Throwback Thursday is back! For my return to this segment, I will be starting with one of the greatest basketball players to ever have stepped onto an NBA court. He did so for the first time on this day, December 22, 60 years ago in 1956. That player was Bill Russell, and the NBA would never be the same again.
The Boston Celtics and the GM/Coach Red Auerbach did everything they could to get Russell to Boston. The story that led Russell to the Celtics is almost unbelievable in today’s age. The Celtics had traded up for the second pick in the draft but feared that the Rochester Royals, who held the first pick, would select Russell. Red had to make the first of dozens of genius GM moves over the years running the Celtics to get Bill Russell, and oh did he have a trick up his sleeve. At the time, the Ice Capades were a big show in the country that everyone enjoyed, which coincidentally the owner of the Ice Capades was Walter Brown, who was also the owner of the Celtics. Knowing the fame and interest in the Ice Capades, Red and Walter Brown offered the Royals that they would send the Ice Capades for a week of free shows if the Royals would simply pass on selecting Bill Russell. As crazy as that sounds, it worked! Rochester passed on Russell, and he fell right into he Celtics lap.
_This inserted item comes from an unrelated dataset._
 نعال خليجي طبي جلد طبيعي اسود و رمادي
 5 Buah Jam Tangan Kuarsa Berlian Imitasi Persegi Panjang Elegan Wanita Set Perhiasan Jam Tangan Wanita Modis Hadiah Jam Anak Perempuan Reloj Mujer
December 22, 1956 the two-time NCAA champion at San Francisco took a step on an NBA court for the first time wearing a Celtics Jersey and would change the NBA and the Boston Celtics forever. Never has a team in any sport drafted a player that gave more to their franchise. Most know the history of Russell with the Celtics, and how, along with Red, turned it into the greatest NBA franchise of all-time. He played only 13 years in the NBA winning an astonishing 11 championships and was a 12 time all-star. He was immediately the best player in the NBA and had so much respect from his teammates and the city of Boston that when Red stepped down after they won ten championships, he named Russell the player coach. Not only is he the first and last player coach in the NBA, it also made him the first African-American coach in the history of American sports. That was his final year in the NBA, and as player coach, he won his final championship giving him 11 and sending him into retirement on top.
Russell changed everything and left the NBA a completely different organization than when he joined. He gave inspiration for all African-American basketball fans, whether you wanted to play or you wanted to coach, Russell now made that possible for all. The NBA finals MVP award is named the “Bill Russell Award” for good reason. Whether you think he is the greatest player of all-time or not, he may be more responsible for what the NBA became than any single player.